Truth be told, some people don’t produce many tears when they are actually upset. So it isn’t surprising that they wouldn’t have an easy time of it while on stage, either. But no matter.

There are a few tricks of course, to produce them, if you must. Drops in the eyes right before one enters works well, though if the tears are to come in the middle of a scene, that becomes rather tricky, and ill-advised. Somewhat easier before one enters as well as during a scene is to refrain from blinking for long enough that the eyes naturally water a bit. Depending on the blocking, of course this also may be problematic. Unblinking eyes can be quite unsettling to an audience member.

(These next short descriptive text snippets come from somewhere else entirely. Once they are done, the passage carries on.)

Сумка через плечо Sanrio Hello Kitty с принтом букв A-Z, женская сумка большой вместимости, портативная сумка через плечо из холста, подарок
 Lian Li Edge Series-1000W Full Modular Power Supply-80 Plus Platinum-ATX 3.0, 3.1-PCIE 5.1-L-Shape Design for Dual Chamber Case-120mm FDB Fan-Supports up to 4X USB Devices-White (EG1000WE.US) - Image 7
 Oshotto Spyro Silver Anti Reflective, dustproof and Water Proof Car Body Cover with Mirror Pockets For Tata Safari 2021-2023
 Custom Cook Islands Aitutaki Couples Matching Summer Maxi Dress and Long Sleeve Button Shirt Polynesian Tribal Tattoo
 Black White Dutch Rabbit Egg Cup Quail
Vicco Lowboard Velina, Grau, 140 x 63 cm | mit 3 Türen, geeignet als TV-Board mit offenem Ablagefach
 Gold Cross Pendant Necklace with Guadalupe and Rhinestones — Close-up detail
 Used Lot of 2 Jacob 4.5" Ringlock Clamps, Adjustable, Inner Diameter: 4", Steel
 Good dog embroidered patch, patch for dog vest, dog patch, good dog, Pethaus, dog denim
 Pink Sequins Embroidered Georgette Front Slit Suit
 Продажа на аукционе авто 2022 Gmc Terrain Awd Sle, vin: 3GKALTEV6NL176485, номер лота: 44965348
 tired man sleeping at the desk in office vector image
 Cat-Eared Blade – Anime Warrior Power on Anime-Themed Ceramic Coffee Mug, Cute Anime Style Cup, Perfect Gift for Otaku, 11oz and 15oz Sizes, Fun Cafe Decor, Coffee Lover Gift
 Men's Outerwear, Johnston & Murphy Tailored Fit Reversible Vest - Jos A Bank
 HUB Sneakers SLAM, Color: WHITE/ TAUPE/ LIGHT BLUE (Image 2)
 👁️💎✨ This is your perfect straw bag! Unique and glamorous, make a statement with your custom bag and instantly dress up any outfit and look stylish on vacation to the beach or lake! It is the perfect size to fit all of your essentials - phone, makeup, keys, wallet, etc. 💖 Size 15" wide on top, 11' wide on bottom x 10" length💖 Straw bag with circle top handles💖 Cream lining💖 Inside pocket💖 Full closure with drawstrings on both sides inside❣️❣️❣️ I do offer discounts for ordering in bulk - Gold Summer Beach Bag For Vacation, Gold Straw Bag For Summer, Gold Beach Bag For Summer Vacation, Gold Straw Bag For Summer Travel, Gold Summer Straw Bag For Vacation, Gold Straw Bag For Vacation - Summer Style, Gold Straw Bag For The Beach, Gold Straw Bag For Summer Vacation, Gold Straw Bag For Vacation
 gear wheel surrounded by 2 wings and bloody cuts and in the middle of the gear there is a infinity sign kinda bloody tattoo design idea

I wouldn’t recommend sticking one’s self surreptitiously with a pin or any other such methods with a high possibility of pain. It could work quite often, but you’re an actor, not a martyr. Plus the pain has to be braced for, and that can cause tension where relaxation is required. It could also distract one from the scene. (Not to mention creep out your scene partners. I know I’d be creeped out if I knew someone else in the scene with me were doing or about to do this just to manufacture tears.)

The key is to remember that tears are in fact merely one part of weeping. In fact, they are probably the smallest part of weeping. Consider the last time you cried, and all sorts of forces and feelings will come to mind. The lump in your throat, the constricting of your abdomen. The grimacing of your facial muscles that is almost involuntary. If you’re like many people you start to cover your mouth, or hide your whole face once it begins. Your nose might run. If you invoke all of these actions (and others, think of some more!), you will present an accurate portrayal of weeping to an audience. Especially if all of the above are expertly motivated by your in-depth, well researched understanding of the character you are playing, and the circumstances in which they find themselves.

Concentrate on invoking the image of someone moved to weeping while on stage, instead of invoking active ducts. If you do that, your audience will still be moved by your character’s plight. And there will be no reason to shed tears over a lack of tears.